Wäre gleich nach der Schneekrise im Januar 2019 gewählt worden, ja, dann wäre es für die SPÖ leichter gewesen, hadert der Katastrophenschutzreferent mit dem Schicksal. Die vorgezogene Neuwahl sei ein "massiver Vertrauensbruch" gewesen, der Koalitionspartner schuld am vorzeitigen Ende der Regierungszeit: "Was man anfängt, wird fertiggemacht. Was man ausmacht, muss halten." Inhaltlich betonte Schickhofer im Verlauf des Wahlkampfs die Forcierung von Klimaschutz, ein neues Pflegekonzept und einen Ausbau der Schiene. Das Leitspital, an dem die Koalition letzten Endes zerbrochen ist, möchte er nach Rottenmann verlegen - "wenn ich Erster werde."

Ungewöhnliche Konzilianz

Das Ziel, Erster zu werden, dürfte FP-Spitzenkandidat Mario Kunasek eher auf die nächste Wahl vertagen - derzeit ist das Momentum nicht auf seiner Seite. Zuerst beendete Ibiza seine Karriere als Verteidigungsminister, es folgte der bundespolitische Rosenkrieg mit HC Strache, auf Landesebene kamen die üblichen Einzelfälle wie die Liederbuchaffäre hinzu. Dass die Causa Casino einen Einfluss auf das Landtagsergebnis haben könnte, bezweifelte Kunasek in der letzten ORF-Elefantenrunde: In seiner Ministerverantwortung seien nur qualifizierte Personen bestellt worden. Meinungsumfragen sagen seiner Partei dennoch einen Absturz von zuletzt 26,76 auf 18 bis 20 Prozent voraus.
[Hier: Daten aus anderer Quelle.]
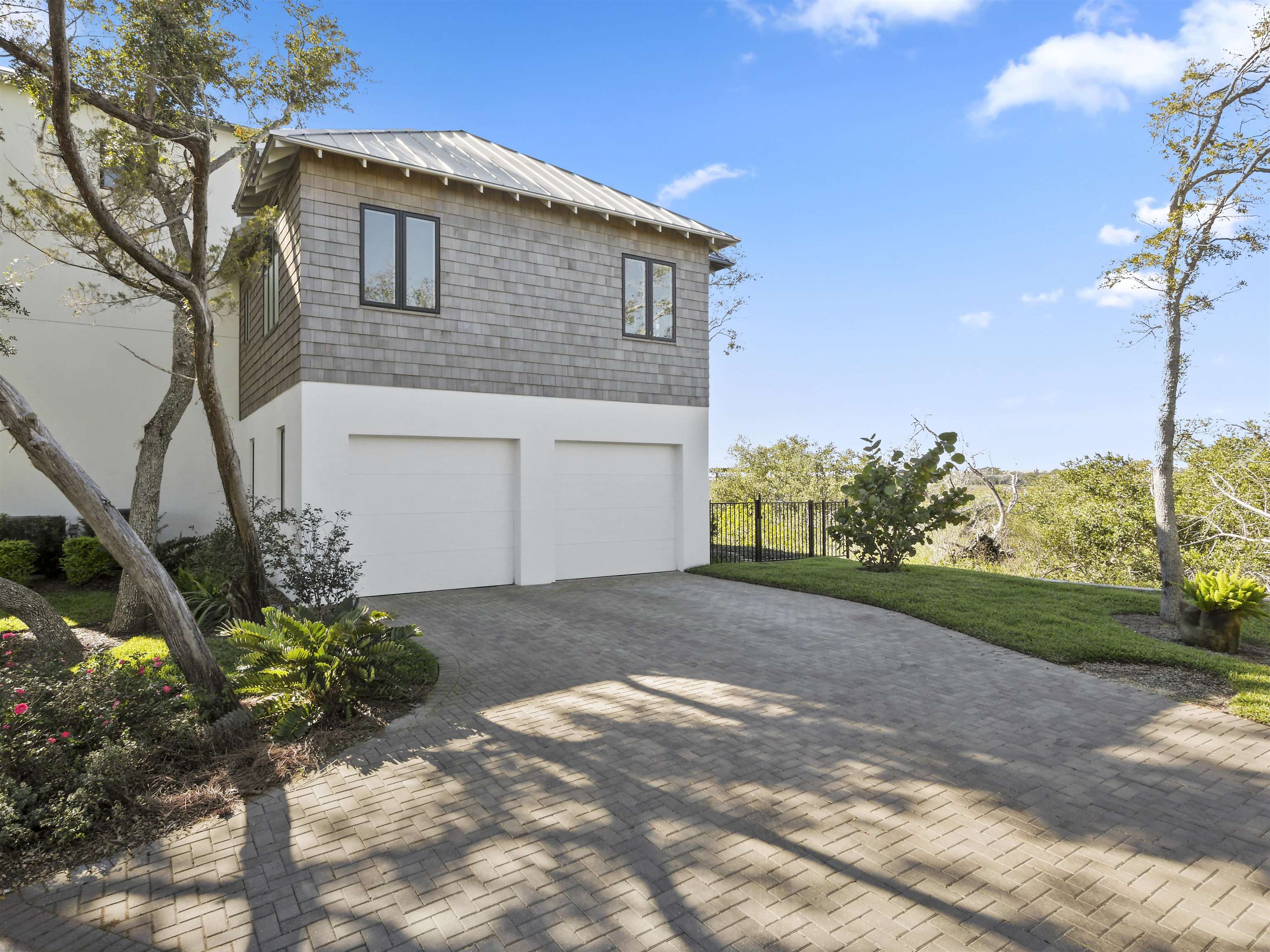 3417 Lands End Dr
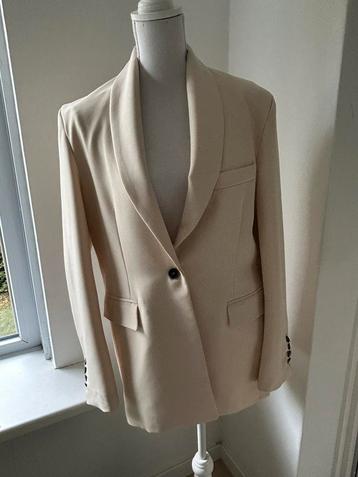 Beige blazer nieuw beschikbaar voor biedingen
Dennoch gab sich Kunasek im laufenden Wahlkampf betont konziliant und sachlich - dass er Amtsinhaber Schützenhöfer bei Veranstaltungen als "verkrusteten Bünde-Menschen" bezeichnete, blieb eher die Ausnahme. Stattdessen konzentrierte er sich bei seinen Plakaten auf blaue Kernthemen wie Sicherheit und Asylmissbrauch und legte für Graz sogar eine eigene Serie auf. Die Landeshauptstadt ist mit ihrem Speckgürtel für das Wahlergebnis von entscheidender Bedeutung, in dem Ballungsraum ist jede dritte Stimme zu holen. In Graz tut sich die FPÖ traditionell schwer, weshalb sie die enttäuschenden Sprengelergebnisse der letzten Nationalratswahl genau analysierte und 10.000 Hausbesuche durchführte.

Unter Erfolgsdruck

Leichter tut sich hier die Spitzenkandidaten der Grünen - sie spürt den Rückenwind der letzten Nationalratswahl und das buchstäblich günstige Klima für grüne Themen. Diese verkörpert Sandra Krautwaschl glaubwürdig: Sie lebt plastikfrei, worüber sie auch bloggt, verzichtet auf Flugreisen, kauft regional und trägt gerne Kleidung aus dem "KostNix-Laden". Teilweise schlägt ihr Engagement in Aktionismus um, etwa, wenn ihr Ehemann Peter bei Veranstaltungen in die Pedale tritt, um der Gattin den Strom für das Mikrofon zu liefern.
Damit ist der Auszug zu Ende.